[[ WORKING DATA, beginning ]]

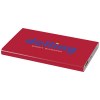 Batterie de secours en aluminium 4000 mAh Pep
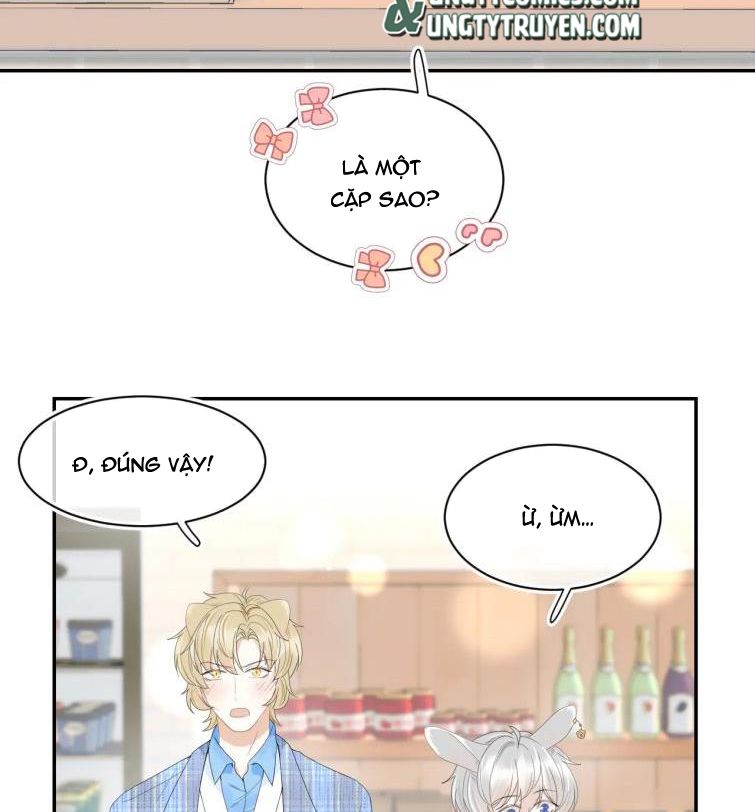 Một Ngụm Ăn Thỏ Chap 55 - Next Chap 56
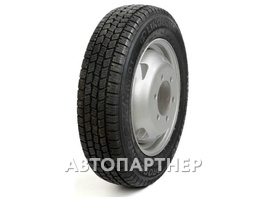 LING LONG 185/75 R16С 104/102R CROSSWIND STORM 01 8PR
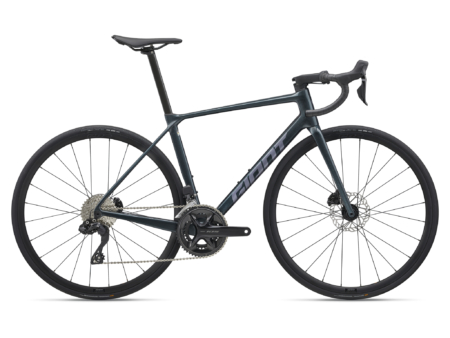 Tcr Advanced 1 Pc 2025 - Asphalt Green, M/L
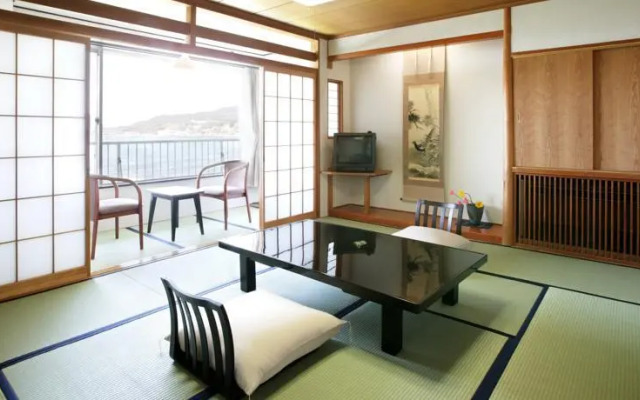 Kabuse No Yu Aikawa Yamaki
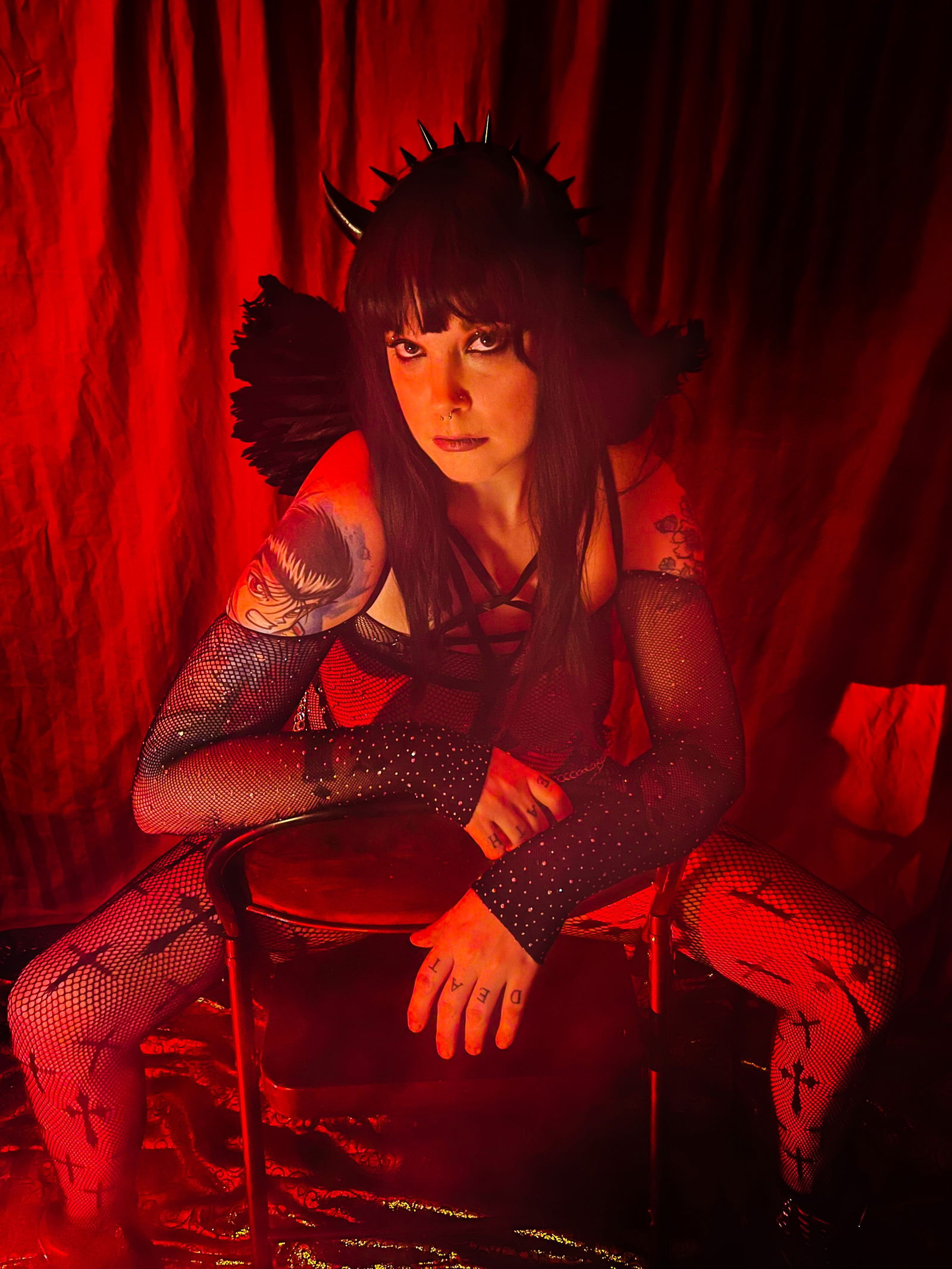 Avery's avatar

[[ WORKING DATA, end ]]

No pictures belong in the output. It should reproduce exactly the lines from the one containing "LING LONG 185/75" through the end of the data, both ends included.

COMPLETED EXERCISE:
 LING LONG 185/75 R16С 104/102R CROSSWIND STORM 01 8PR
 Tcr Advanced 1 Pc 2025 - Asphalt Green, M/L
 Kabuse No Yu Aikawa Yamaki
 Avery's avatar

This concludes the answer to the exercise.